You ask whether certain information is subject to required public disclosure under chapter 552 of the Government Code. Your request was assigned ID# 121032.

On September 25, 1998, the Texas Education Agency received a request to review the agency's "records and files related to the Texas Growth Fund" (the Fund). You explain that the State Board of Education and the Texas Education Agency (collectively the agency) are charged with the oversight and administration of the Texas Permanent School Fund. The Permanent School Fund is authorized to invest in and has received information from the Texas Growth Fund. The requestor, in this instance, claims that the agency failed to seek an attorney general decision from this office within the statutorily mandated ten business days. Gov't Code 552.301; see Hancock v. State Bd. of Ins., 797 S.W.2d 379, 381 (Tex. App.--Austin 1990, no writ). When a request for an open records decision is not made within the time period prescribed by section 552.301, the requested information is presumed to be public. See Gov't Code 552.302.

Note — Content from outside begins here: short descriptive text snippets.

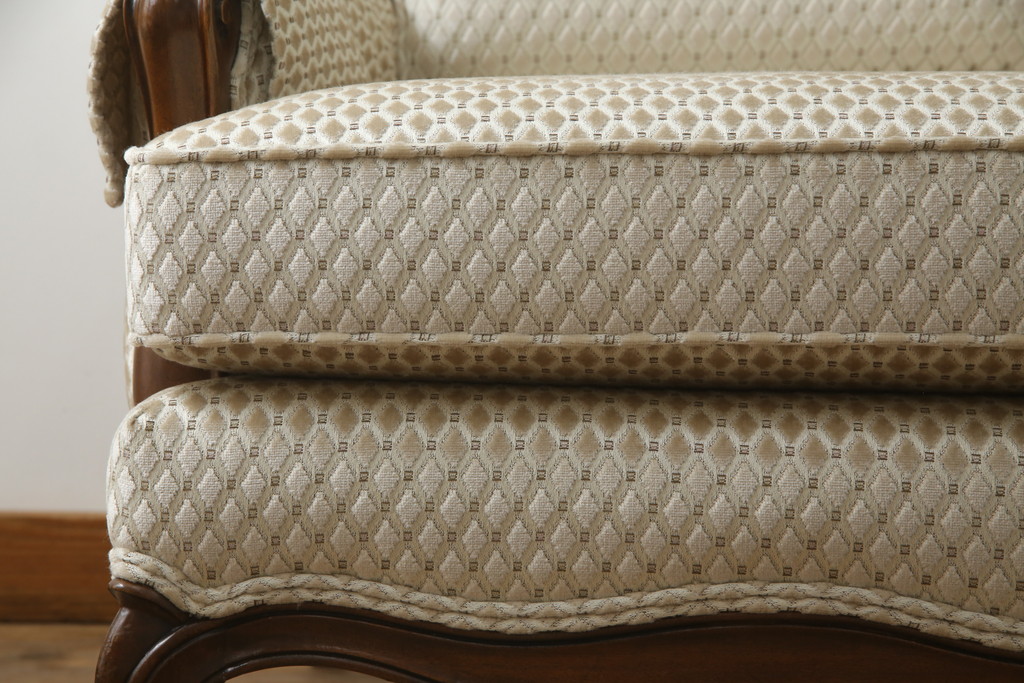 中古　超美品!!　DREXEL HERITAGE(ドレクセルヘリテイジ)　Upholstery(アップホルスタリー)　張り替え済み　クラシカルな佇まいの1Pソファ(アームチェア、一人掛け、1人掛け、ラウンジチェア)(定価約45万円)(R-066488)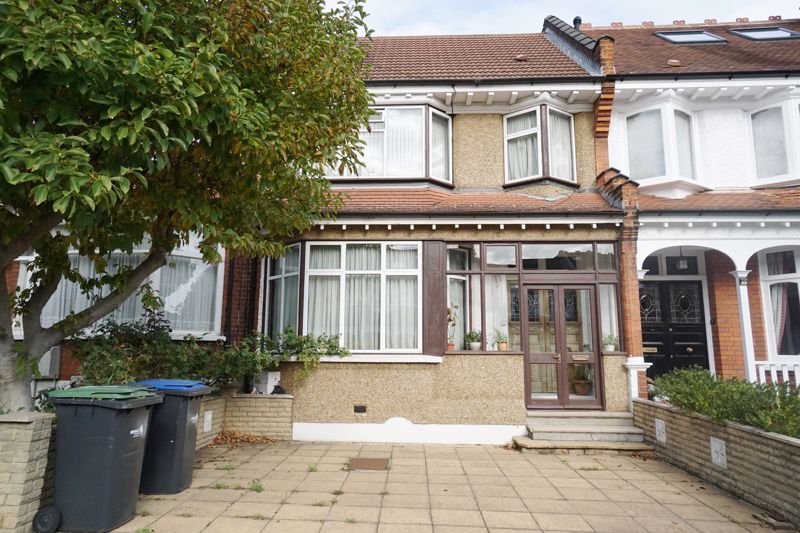 Woodberry Avenue, Winchmore Hill N21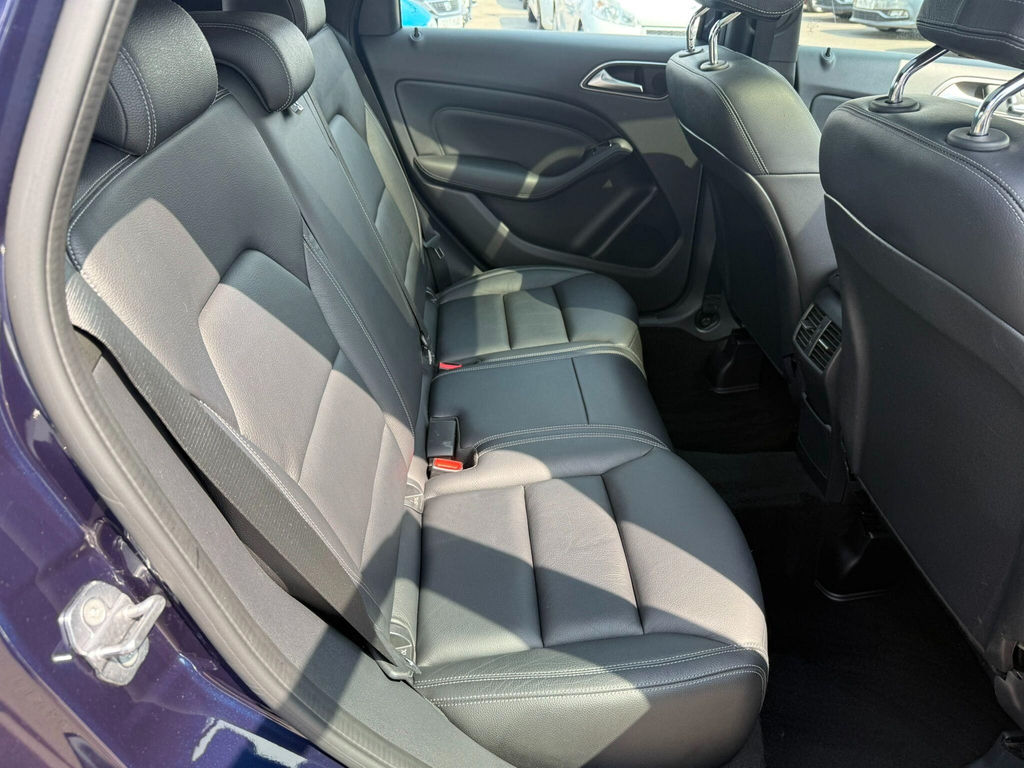 Mercedes-Benz B Class B200d Amg Line Executive Black #31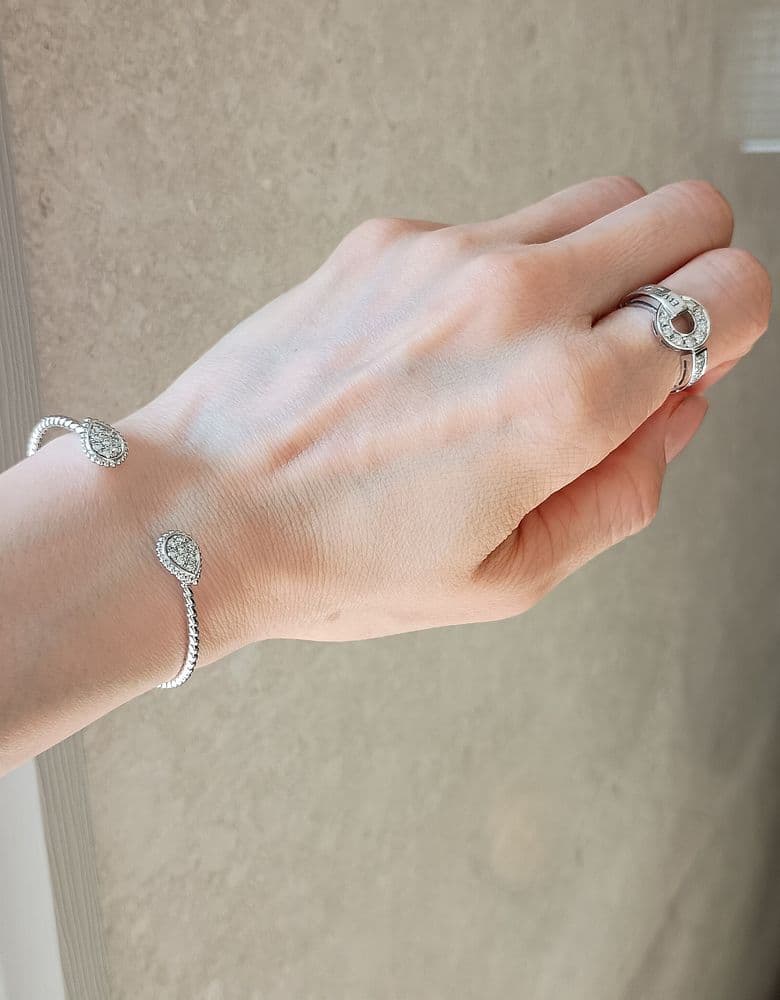 부쉐론 쎄뻥 콰트로 타이 네크리스, 쎄뻥 뱅글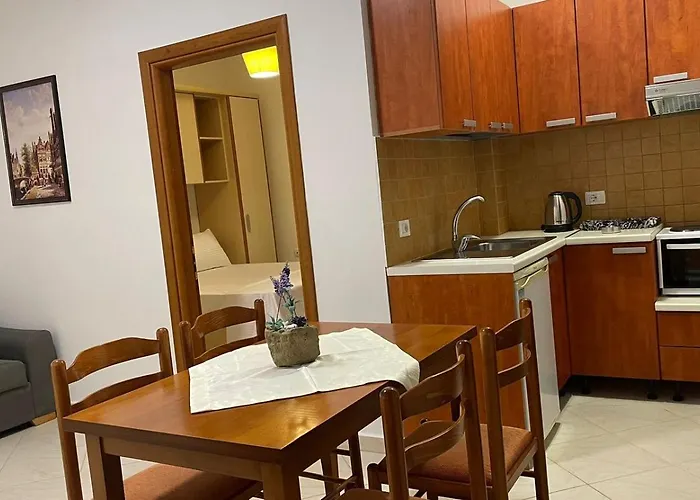 Summer Gate Σαράντα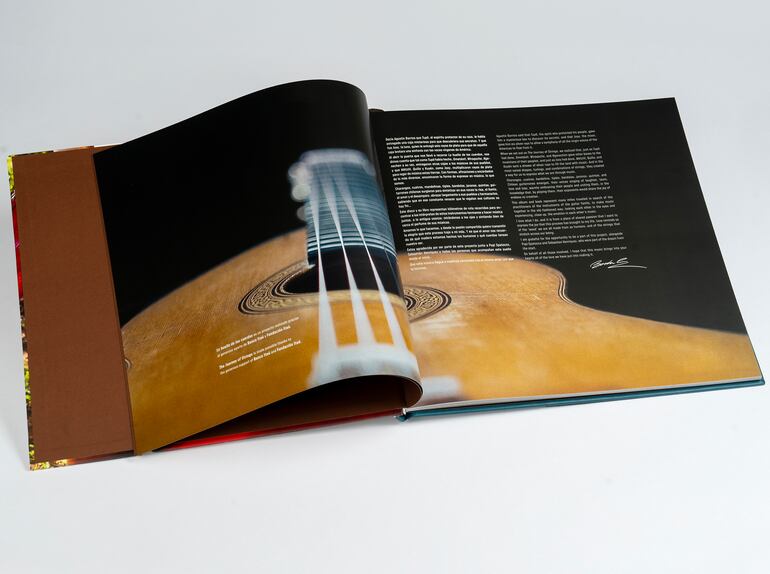 La reconocida guitarrista Berta Rojas presenta una obra maestra en tres dimensiones.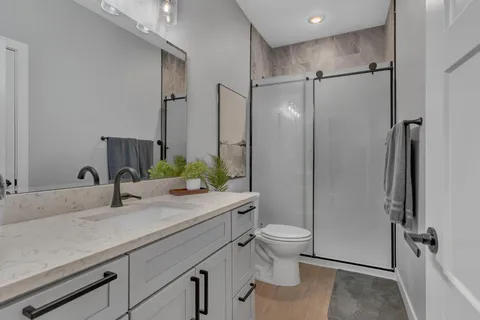 $699,900 | 12989 134th Avenue Northeast, Spicer, MN 56288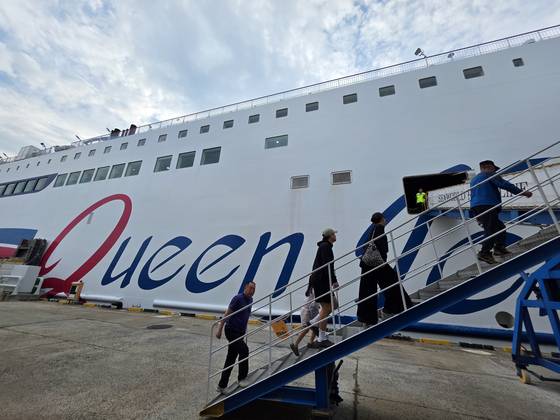 제주도행 퀸제누비아호. 목포에서 제주까지는 4시간 30분이 걸린다.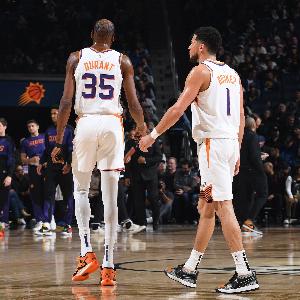 布克：我原本很期待与杜兰特交手 但家庭第一 希望他家人一切安好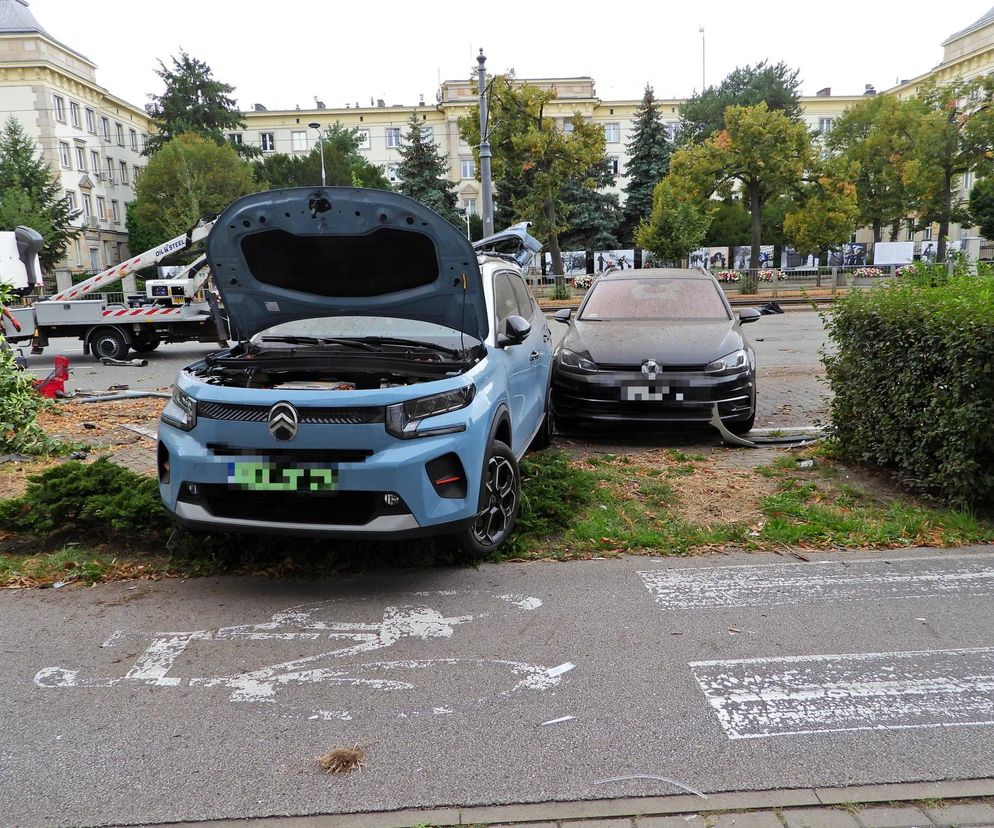 Pijany 23-latek rozbił BMW na Puławskiej! Dwie osoby w szpitalu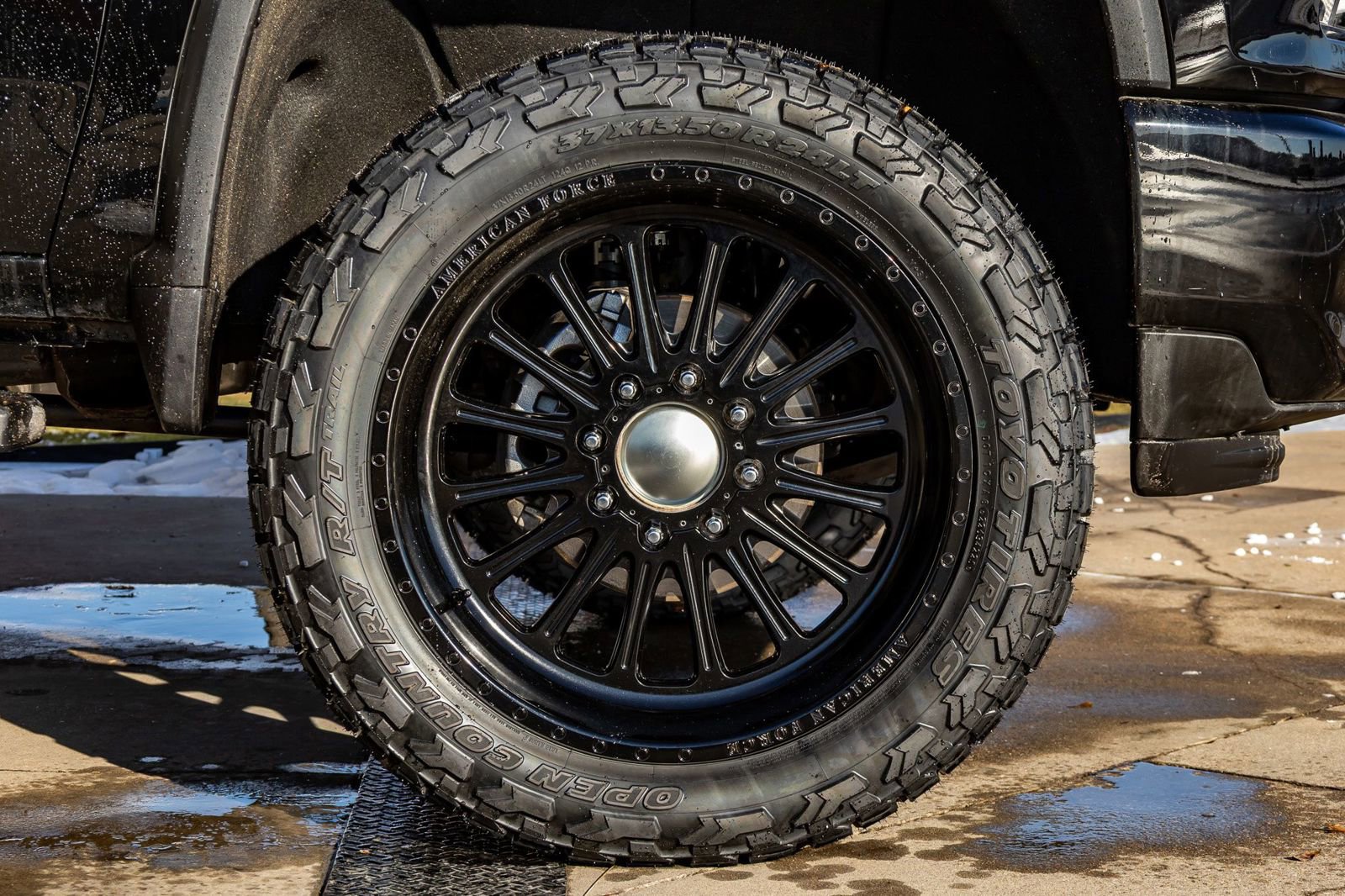 Used 2023 Chevrolet Silverado 3500 High Country w/ Z71 Off-Road Package image 12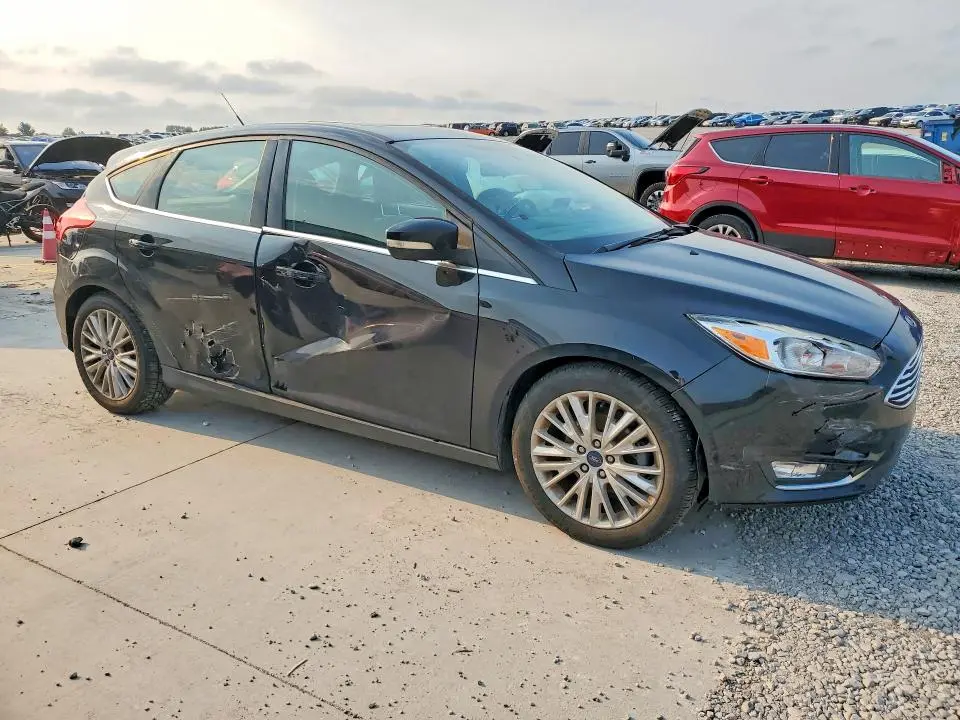 2018 FORD FOCUS TITANIUM  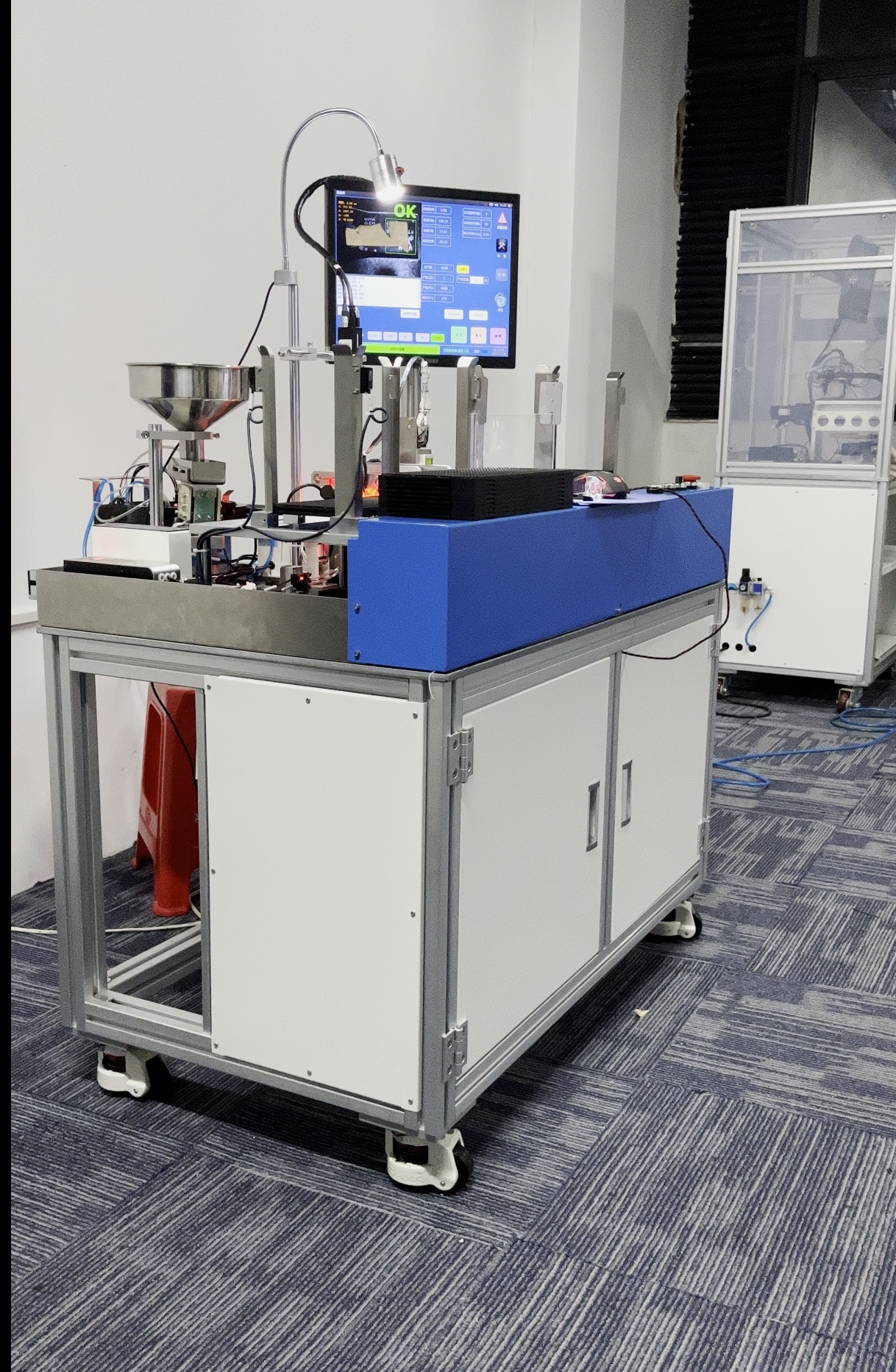 IC擺盤機(jī) 芯片擺盤機(jī)   IC排盤機(jī) 芯片排盤機(jī) 電子元件擺盤機(jī)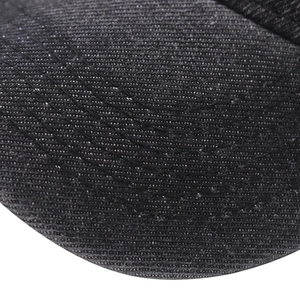 Gros plan sur le tissu en sergé délavé avec coutures parallèles sur le bord de la casquette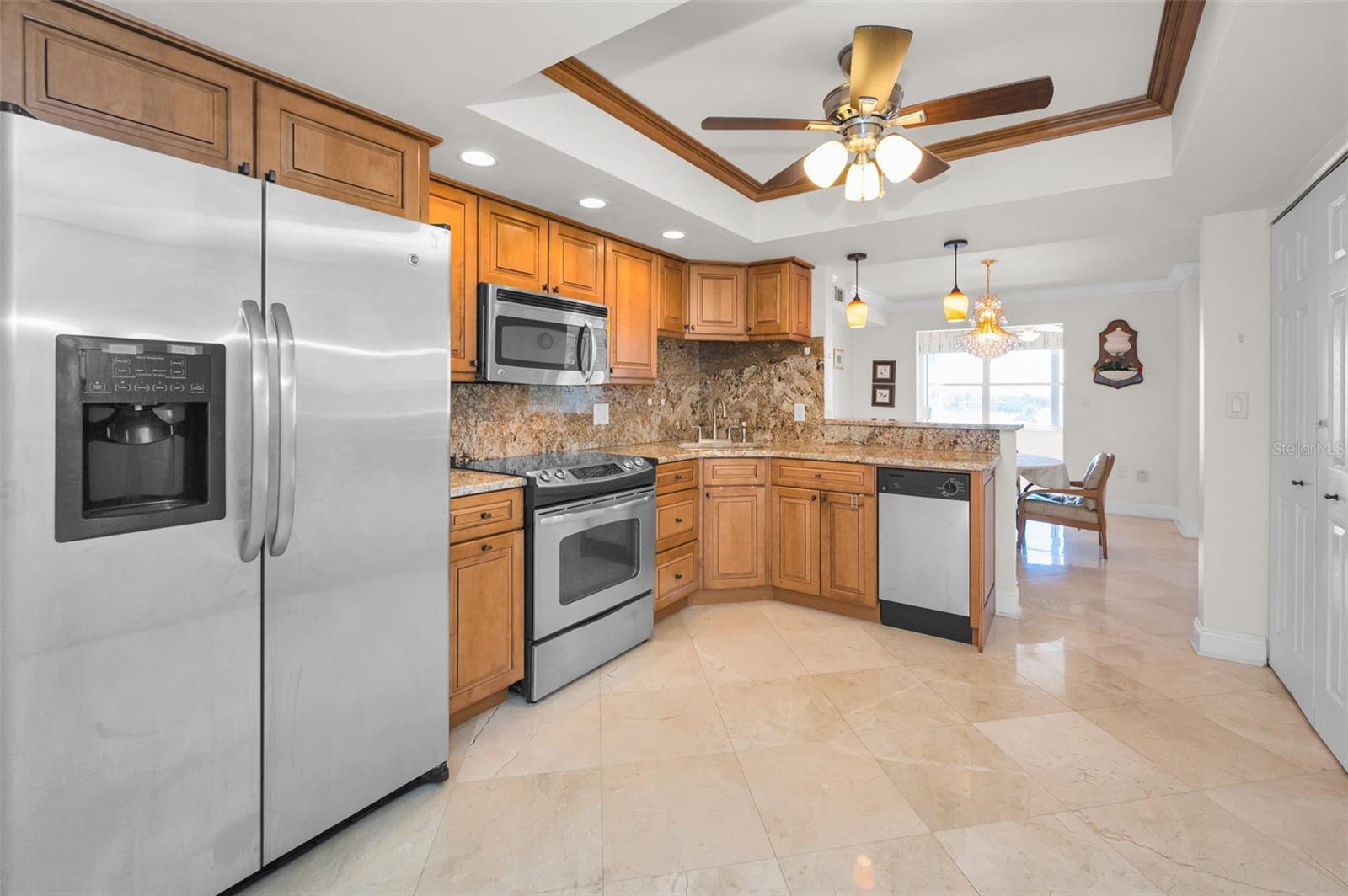 Image 4 of 62 For 5200 Brittany Drive S 510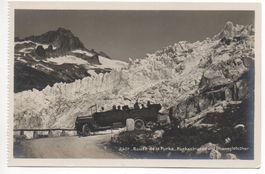 FURKASTRASSE Rhonegletscher und Postauto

It appears that the agency sent a letter to the requestor on September 30, 1998 to determine which particular records were sought. The agency asked the requestor to "specify the subject matter of information related to the Texas Growth Fund and the time period of information" sought. When a governmental body is presented with a broad request for information rather than specific records, we have stated that the governmental body may advise the requestor of the types of information available so that he may properly narrow his request. Open Records Decision Nos. 561 at 8,9 (1990), 31 (1974). Although the agency did not follow this course in its letter to the requestor, the requestor responded on October 1, 1998 by enumerating the information he sought. The requestor asked for:

1. All completed reports, audits, evaluations, and investigations.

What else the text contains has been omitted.